Heading into the holiday season, small businesses aren't particularly optimistic about the outlook for the U.S. consumer. Their biggest worry isn't taxes or insurance costs, but poor sales, according to a report from the New America Foundation. Taxes may make up 21 percent of small business worries, but weak sales make up a shocking 31 percent. That leaves every other concern in the dust.
But they might be in for a massive surprise.
U.S. consumers have been deleveraging, rather than spending. That means instead of increasing their debt through new credit cards or by tapping their home equity line of credit, consumers are paying their bills and trying to do it at a faster rates. They're even saving more than they have in previous years, according to the Bureau of Economic Analysis, with consumers saving over 5 percent of their disposable income.
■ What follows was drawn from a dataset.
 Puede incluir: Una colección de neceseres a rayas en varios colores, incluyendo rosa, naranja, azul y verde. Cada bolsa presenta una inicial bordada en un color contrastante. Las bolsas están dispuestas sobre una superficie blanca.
More evidence can be found in the latest report from the New York Fed which shows a sharp decline in outstanding credit, most notably credit cards.
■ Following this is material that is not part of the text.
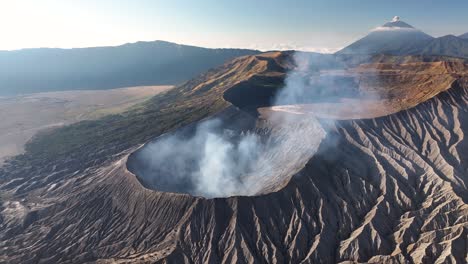 spectacular aerial view of bromo volcano craters and cone shaped semeru on horizon. east java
This isn't just something data points to, but a theory about the economic experience the U.S. economy is currently going through. According to some, the U.S. is in a "balance sheet recession" where individuals and businesses are more interested in paying down debt rather than spending.
But the U.S. market may be on the brink of a massive change, with consumers ready to start swiping their cards again.
The wealthy are already spending again, on luxury goods and tech, so if you're a small business catering to that sort of clientelle, you may already be winning.
Now the broader consumer base, long disenchanted by high unemployment rates, are looking to get back into the credit game. They're starting with cars. Deutsche Bank point out that those car sales often lead the rest of consumer credit trends.
And, if recent information on the banking sector is to be believed, the credit is there ready to be taken. Banks have reduced their lending requirements and are seeing small increases in demand for credit, though minimal at this point.
But why the sudden shift in thinking? Right now, interest rates are at near all time lows. So those are being passed on to the consumer in a variety of ways, like lower introductory rates on credit cards and extremely low mortgage rates. These rates are in reaction to U.S. government policy, recently made even more easy by the Fed's bond buying program, known as quantitative easing 2.
There is the possibility that, even though all this cash is out there ready to be leant, consumers just don't want it. They're still busy deleveraging, and would rather have an austere holiday season than jump back into debt for the New Year.
But, if consumers do turn around and demand the cash, we could be in for more than one outcome. It won't just mean better sales than expected for small businesses, but also increasing inflation, which could hit their costs heading into the New Year.